Task instructions: Please print, exactly, only the lines in the entries below from the line that has "PORTRAIT COURZIEU 📸" through the line that has "Derrière son regard". Pictures don't go in.

Supplied entries:
****************************************
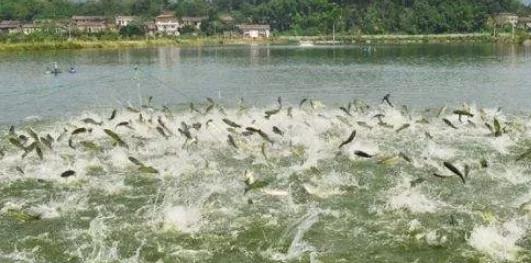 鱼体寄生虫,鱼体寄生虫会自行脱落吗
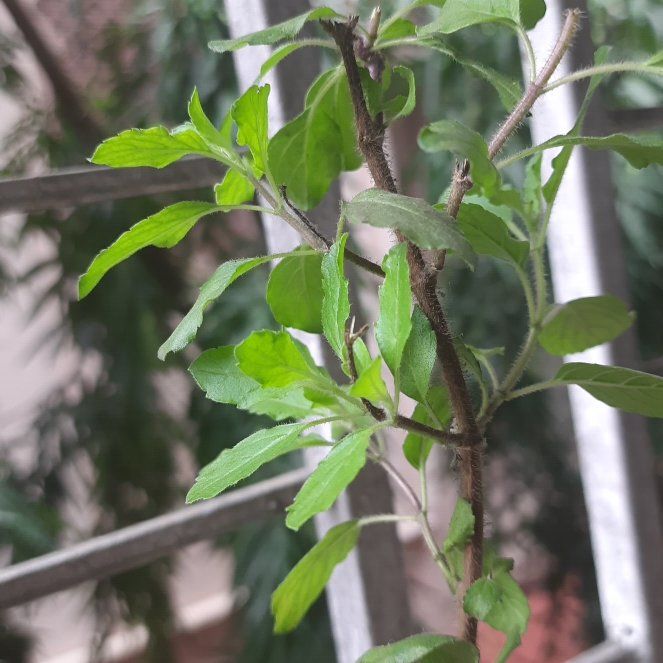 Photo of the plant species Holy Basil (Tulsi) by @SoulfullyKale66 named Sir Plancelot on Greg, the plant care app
****************************************
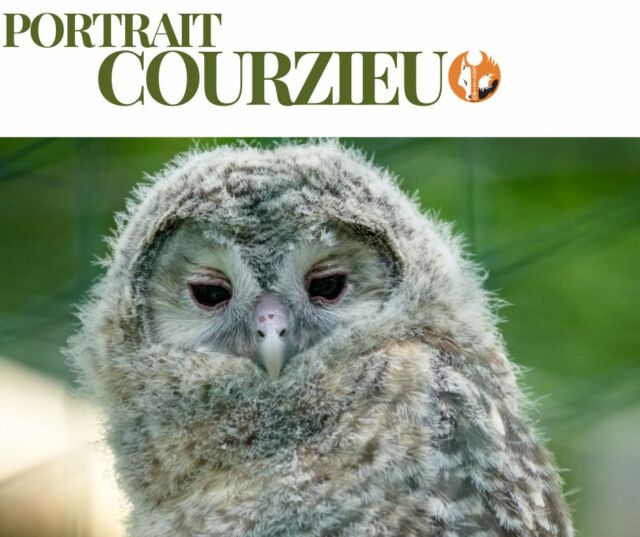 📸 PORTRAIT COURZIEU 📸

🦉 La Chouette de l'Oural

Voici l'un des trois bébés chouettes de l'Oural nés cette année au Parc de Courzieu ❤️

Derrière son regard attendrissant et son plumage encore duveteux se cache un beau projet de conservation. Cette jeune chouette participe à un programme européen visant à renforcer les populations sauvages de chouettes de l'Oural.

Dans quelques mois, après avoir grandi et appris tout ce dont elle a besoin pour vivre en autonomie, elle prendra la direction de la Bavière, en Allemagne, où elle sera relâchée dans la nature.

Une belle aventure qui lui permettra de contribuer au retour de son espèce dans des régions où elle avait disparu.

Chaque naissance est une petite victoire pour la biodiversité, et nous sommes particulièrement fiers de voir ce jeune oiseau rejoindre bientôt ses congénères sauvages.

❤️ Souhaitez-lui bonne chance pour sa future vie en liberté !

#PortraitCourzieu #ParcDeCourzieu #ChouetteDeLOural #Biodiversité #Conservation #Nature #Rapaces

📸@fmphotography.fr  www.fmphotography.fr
****************************************
Solved exercise:
 📸 PORTRAIT COURZIEU 📸

🦉 La Chouette de l'Oural

Voici l'un des trois bébés chouettes de l'Oural nés cette année au Parc de Courzieu ❤️

Derrière son regard attendrissant et son plumage encore duveteux se cache un beau projet de conservation. Cette jeune chouette participe à un programme européen visant à renforcer les populations sauvages de chouettes de l'Oural.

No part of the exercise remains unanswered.